Through no fault of our own, our lawn this year is rather healthy. We are required to mow it frequently or it takes over the world. And it is actually green. Sigh. It's not that I don't like green grass...I just don't expect it in my yard. And I hate taking care of it. (Or rather, paying a kid to take care of it, or bugging my husband to take care it of it, cuz I don't do lawn mowing.) But here is the real rub -- we now fit in on our street. Ouch. That's what I think. I derive a certain kind of embarrassed yet tickled pink pleasure from thwarting our neighbors' efforts at perfection. Sad, I know. But I'm just sick that way.

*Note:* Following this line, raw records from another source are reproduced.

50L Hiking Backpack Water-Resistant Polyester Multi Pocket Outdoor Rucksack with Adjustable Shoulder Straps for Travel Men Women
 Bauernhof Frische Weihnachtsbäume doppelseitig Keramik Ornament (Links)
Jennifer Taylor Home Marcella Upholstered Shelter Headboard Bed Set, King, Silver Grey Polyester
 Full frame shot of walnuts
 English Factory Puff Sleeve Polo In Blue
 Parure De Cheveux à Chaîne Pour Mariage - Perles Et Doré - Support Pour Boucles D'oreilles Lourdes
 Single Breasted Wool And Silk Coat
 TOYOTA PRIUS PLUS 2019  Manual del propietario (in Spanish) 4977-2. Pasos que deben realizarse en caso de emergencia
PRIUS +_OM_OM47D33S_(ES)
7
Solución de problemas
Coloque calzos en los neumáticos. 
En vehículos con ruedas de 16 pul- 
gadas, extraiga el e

My question...how do I now fight conformity? Scott is not on board with putting a pumpkin patch in the front yard. Party pooper. So what? While I was pondering what I could put in my front lawn (pink flamingos...grave stones...picket signs with naughty phrases...) I realized I was fighting conformity for the sake of fighting conformity. Is this the proper method? Shouldn't I have a reason, or a motivation to express myself, or something more noble than a "stick my tongue out at all you hard working lawn Nazis?" Hmmm.
Big metal pumpkins? The leaning tower of dirty diapers? I'd go with zeroscaping, but that is expensive. Signs about ADHD? Or maybe just a big tongue?